A desembargadora considera que educação, por exemplo, apesar de ser fundamental para a sociedade, não é um serviço essencial como o atendimento de emergência em um hospital. Mas, segundo a interpretação dela, nesses casos, entra a discricionariedade dos juízes que vão julgar o tema. No caso dos professores do Paraná, por serem servidores públicos estaduais, o dissídio ocorre no Tribunal de Justiça do estado.
Desconto dos dias
Outro ponto que entrou em debate no STF em setembro de 2015 é a possibilidade de se descontar dos vencimentos dos servidores públicos os dias não trabalhados devido à greve. O questionamento é se ocorre suspensão do contrato de trabalho durante a greve – que justificaria o desconto – ou não. O relator do Recurso Extraordinário (RE) 693456, ministro Dias Toffoli, já manifestou o entendimento de que é possível fazer o desconto mesmo que o movimento não seja considerado abusivo.
O ministro Luiz Edson Fachin fez um contraponto em seu voto e afirmou que “considera que a adesão do servidor público a movimento grevista não pode representar opção econômica de renúncia ao pagamento”. O próximo a votar seria o ministro Luís Roberto Barroso, mas ele pediu vista do processo. Em agosto deste ano, Barroso devolveu a matéria para voltar a julgamento.
Militares
A Constituição Federal (Art. 142) e a Constituição Estadual do Paraná (Art. 45) vedam a participação de militares em greves. No caso do estado, policiais e bombeiros militares não podem paralisar os trabalhos.
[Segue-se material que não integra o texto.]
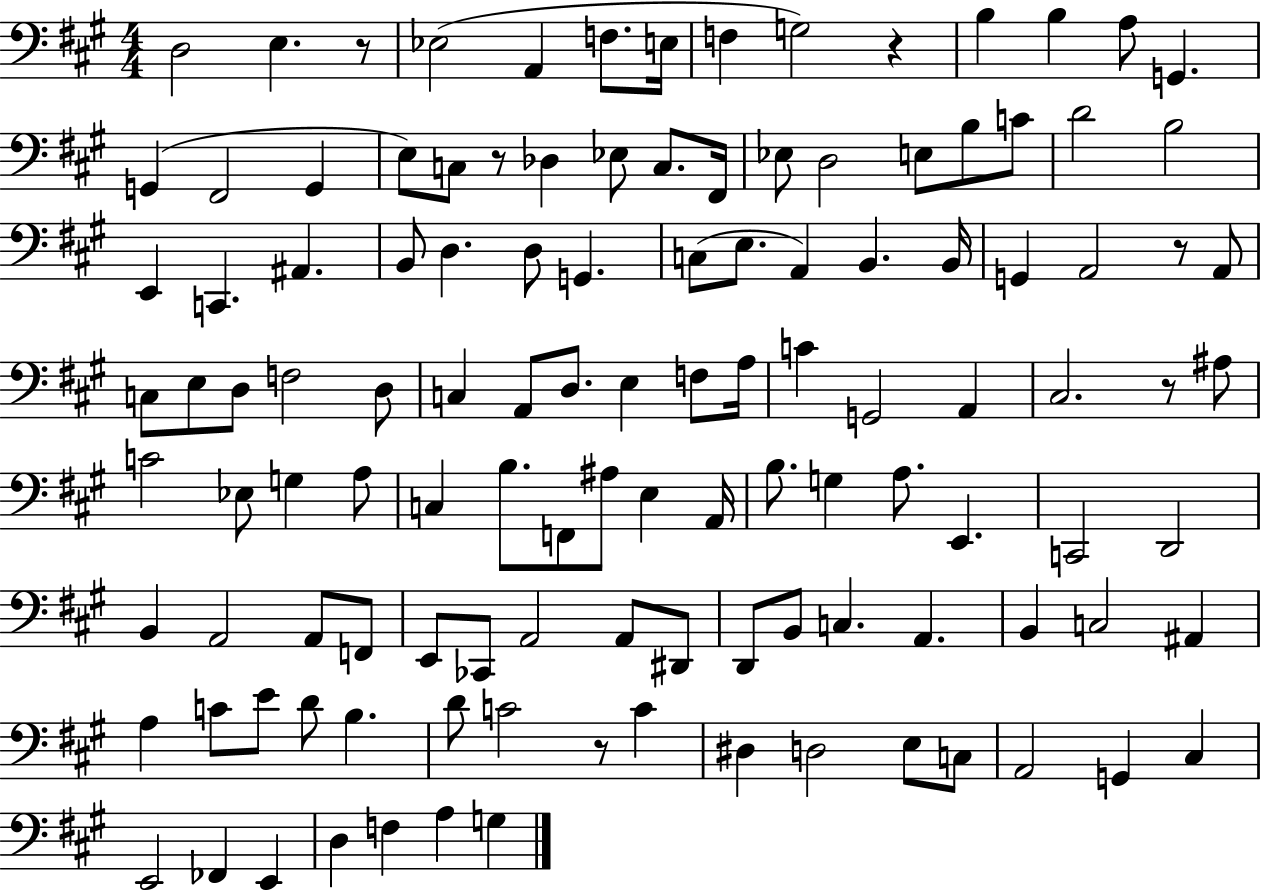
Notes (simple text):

D3/h E3/q. R/e Eb3/h A2/q F3/e. E3/s F3/q G3/h R/q B3/q B3/q A3/e G2/q. G2/q F#2/h G2/q E3/e C3/e R/e Db3/q Eb3/e C3/e. F#2/s Eb3/e D3/h E3/e B3/e C4/e D4/h B3/h E2/q C2/q. A#2/q. B2/e D3/q. D3/e G2/q. C3/e E3/e. A2/q B2/q. B2/s G2/q A2/h R/e A2/e C3/e E3/e D3/e F3/h D3/e C3/q A2/e D3/e. E3/q F3/e A3/s C4/q G2/h A2/q C#3/h. R/e A#3/e C4/h Eb3/e G3/q A3/e C3/q B3/e. F2/e A#3/e E3/q A2/s B3/e. G3/q A3/e. E2/q. C2/h D2/h B2/q A2/h A2/e F2/e E2/e CES2/e A2/h A2/e D#2/e D2/e B2/e C3/q. A2/q. B2/q C3/h A#2/q A3/q C4/e E4/e D4/e B3/q. D4/e C4/h R/e C4/q D#3/q D3/h E3/e C3/e A2/h G2/q C#3/q E2/h FES2/q E2/q D3/q F3/q A3/q G3/q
Glomb explica que, na prática os descontos acabam sendo objeto de negociação e entram na pauta da própria greve. Em alguns casos, se acorda uma reposição, mas em outros os dias não trabalhados acabam sendo abonados pelos empregadores.
Ainda de acordo com o advogado, no serviço público os servidores acabam tendo mais poder de barganha, pois geralmente atuam em setores importantes e se sentem mais seguros com a estabilidade. Ele observa que, no caso da iniciativa privada, o empregador não pode demitir imediatamente após a greve, mas, no decorrer do tempo, o funcionário poderá ser dispensado.